Navy and Marine Regulations Established

Flogging aboard ship.
The United Colonies Navy modeled their regulations after the British Articles of War, outlining strict discipline aboard ship.

By early December, 1775, before Captain Nicholas began to recruit his new marine corps in earnest, Congress had approved legislation that organized and regulated the navy that included the marine corps. Rules for the Regulation of the Navy of the United Colonies (later the United States) had been formulated by John Adams based upon the British Royal Navy. The British Navy’s code of conduct, known as the Articles of War, were read aloud to assembled crew of His Majesty’s Ships once a month to enforce strict discipline and duty. By Acts of Parliament, articles within mandated obedience, prohibited swearing and drunkenness, and prescribed death for cowardice or mutiny. They were designed to maintain order, morality, and operational efficiency with strict obedience to superiors. Congress established 44 articles along similar lines that dealt mainly with discipline, but included rations, pay, and length of service. Also established were 18 naval ranks from captain to ‘before the mast,’ seamen. The regulations applied to all men serving on board a Continental ship.

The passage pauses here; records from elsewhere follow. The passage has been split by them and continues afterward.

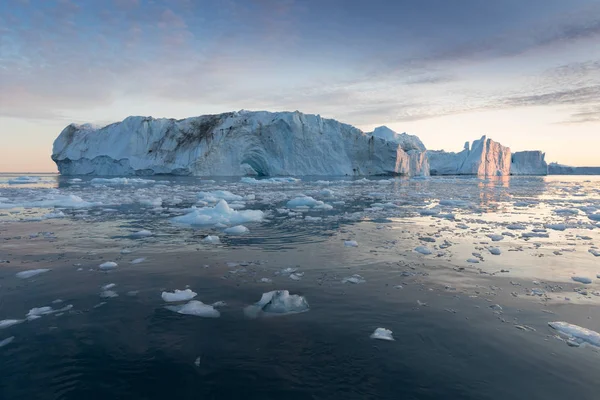 Grönlands Eller Antarktis Natur Och Landskap Res Skeppet Bland Studera — Stockfoto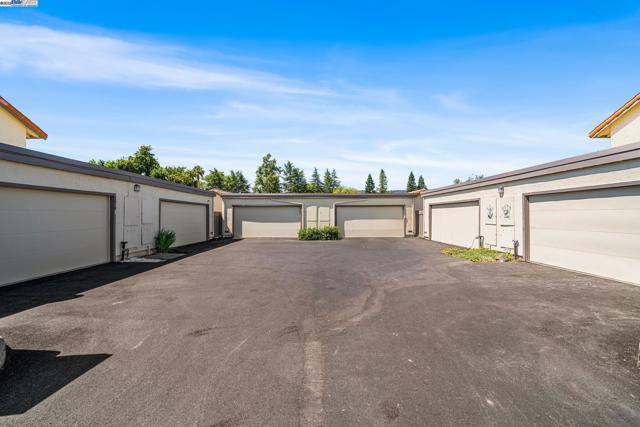 1550 Calle Enrique, Pleasanton CA: https://media.crmls.org/mediaz/d7c8d320-699b-46ab-b5f4-2cd5a4ab3e20.jpg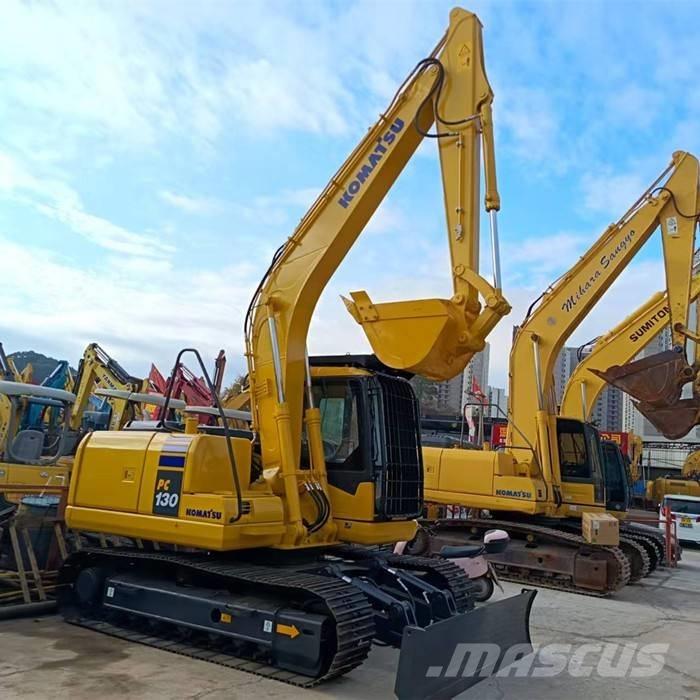 Komatsu PC 130 حفارات زحافة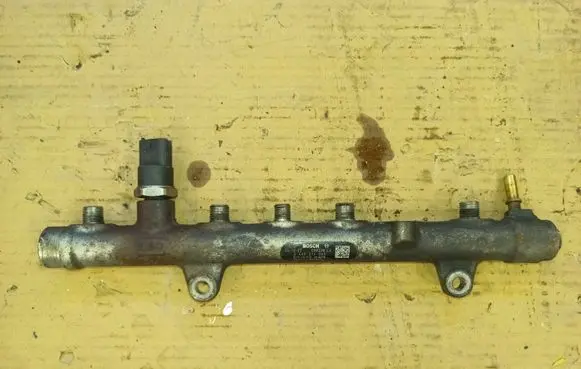 Renault Espace - Grand espace IV Fuel main line pipe 0445214065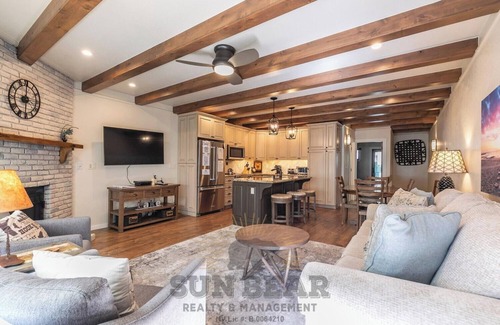 Incline Village Condo | Gorgeous Condo with Beach Access! (LA99945)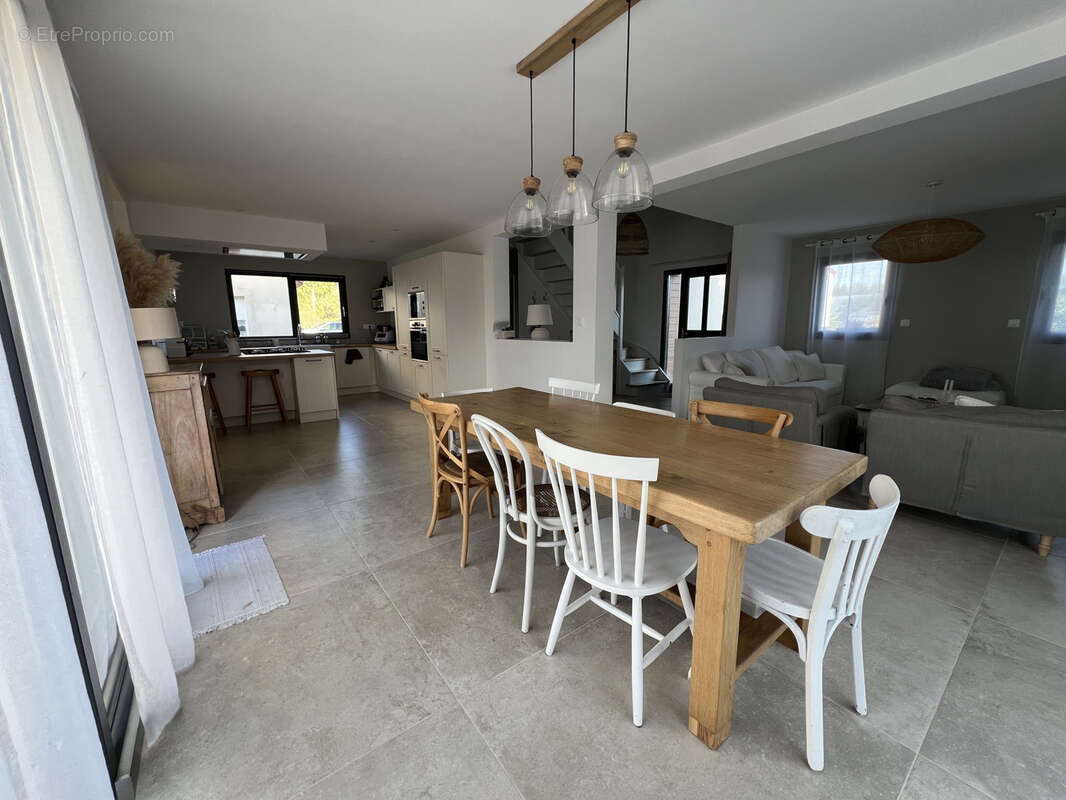 Maison à RANG-DU-FLIERS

Discipline: Of the 44 articles, most detailed a penal code similar to England’s Articles of War in which minor to major offences were outlined with consequences clearly stated. Swearing was punished by wearing a wooden collar “or other such shameful badge of distinction.” Enlisted men were put in irons for drunkenness while officers lost two days’ pay. Minor offences that did not require a court-martial could result in no more than “twelve lashes upon his bare back, with a cat of nine tails.” This was similar to the Royal Navy except that His Majesties officers could order up to 24 lashes if desired and stack charges up to 48.[13] Greater punishments that involved robbery, quarreling, derelict to duty, desertion, and mutiny required a court-martial judged by naval and marine officers. An automatic death sentence was imposed for convictions of murder and cowardice in battle.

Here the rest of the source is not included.